Compensatory and social justice: societal sources of claims for health care
Objectives
New terms and ideas you will encounter in this chapter
compensatory justice
stigma
workman’s compensation
collective responsibility
communitarian approach
interdependence
altruism
reciprocity ethic
social need
labeling
“the dilemma of difference”
vulnerability
social marginalization
solidarity
personal responsibility for health
Topics in this chapter introduced in earlier chapters
Topic | Introduced in chapter |
Beneficence | 4 |
Nonmaleficence | 4 |
Distributive justice | 15 |
Social justice | 15 |
Equity | 15 |
Introduction
Justice issues often are difficult to grasp because they require professionals to move beyond their usual one-on-one interaction to consider the well-being of whole groups of people. As you learned in the previous chapter, distributive justice focuses on medical conditions as the basic approach to justly allocating resources. This chapter introduces two other related dimensions of justice that are pertinent in some of the situations you will face as a health professional. Compensatory justice and social justice (introduced in Chapter 15) both arise from the observation that not everyone has the same chance as others to benefit from basic societal services and goods. The similarity between the two types of justice is that each takes into account additional factors to medical conditions, those factors being related to the person’s or group’s relatively disadvantaged position in society. Compensatory justice has built into it an assumption that the person or group at least has a role (e.g., worker) that is valued by mainstream society. In contrast, social justice is a “no fault” position that says regardless of social role it is simply the societal disadvantage that matters. The assumption is that a well-working society has to respect everyone where they are and try to make adjustments regarding who needs what. At the core of the issue for our study here is the concern that some groups of people have health problems related to their disadvantaged position in the larger society. We devote most of the study in this chapter to compensatory justice but also demonstrate how it is one aspect of the broader concept of social justice, the latter of which focuses on serious disparities in health and health care allocations.
The story of the Maki brothers is an example designed to help you focus on how social contexts factor into compensatory justice considerations and how you, the health professional, are involved.
The story of John and Eino Maki raises numerous ethical questions. For instance, some people reading this story have questions about confidentiality. Why is Kai Nielson sharing all of this potent information with John when Eino, a competent adult, is the patient? What about Eino’s informed consent?
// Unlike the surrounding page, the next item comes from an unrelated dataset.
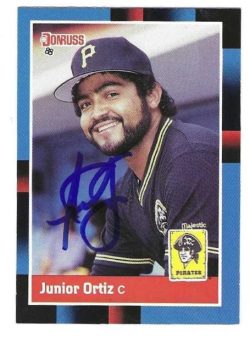 Autographed JUNIOR ORTIZ Pittsburgh Pirates 1988 Donruss Card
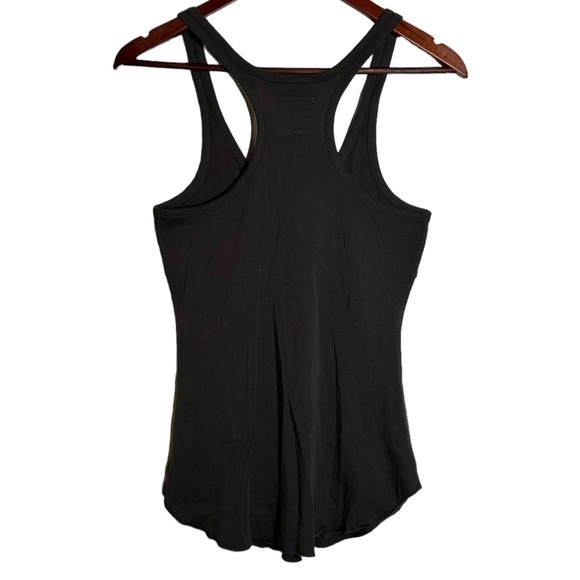 Chaser Racerback Tank Top Corset Front Curved Hem Faded Black Medium - Picture 2 of 16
Is it appropriate for the physician to put the burden of sharing the bad news with Eino on John’s shoulders? What should the role of the physician assistant and social worker be? These are certainly important ethical questions. However, we beam our lens in this chapter on the justice issues that patients in similar situations to Eino’s raise. Their basic similarity is that they are among the members of society who are dismissed or even disdained by members of mainstream society even though they contribute in ways that society needs for its overall well-being.1
The goal: a caring response
Eino Maki, a seemingly healthy, hard-working man, becomes a victim of circumstances that leave his health compromised. A caring response by health professionals requires that they do whatever is “best” or, in the language of ethics, is beneficent for this patient. In the story, the physician assistant and Kai Nielson have been doing exactly that in their attempt to get at the clinical root of Eino’s symptoms, and they each make strong recommendations about what he needs to do. At the same time, they know that matters are fast slipping out of their hands. There is an environmental source of his cancer, a death-dealing cancer we presume, triggered by his employment in a company where he likely has been exposed to toxic levels of asbestos over a prolonged period of time. Mr. Maki’s decision about what to do for his cancer treatment will depend in part on the availability of funds from his employing company or a government source to help pay for them. If the professionals think this through to its logical conclusion, they will realize that a caring response requires that they try to help build and strengthen institutions and societal arrangements that support individuals in such predicaments. Involvement at this level is aimed at policies that reflect justice for groups of people who are societally disadvantaged. The “Eino Makis” do not have the same opportunity to choose among desirable job options to the extent that persons who are better situated financially and socially do. Such policies are not designed only for one person (e.g., Mr. Maki) the way a treatment plan is created for a specific patient but outline a program that covers him and others like him. There is a subgroup of institutional and social arrangements that address legal mechanisms to compensate persons for harms incurred in the larger environment whether workplace, home, or publicly shared spaces. Compensatory justice deals with this reality from an ethical and legal standpoint, and it is the ethical considerations we consider here.
The six-step process in compensatory justice decisions
In Chapter 15, you studied about allocation dilemmas when whole groups of individuals become eligible for goods or services because of their medical need.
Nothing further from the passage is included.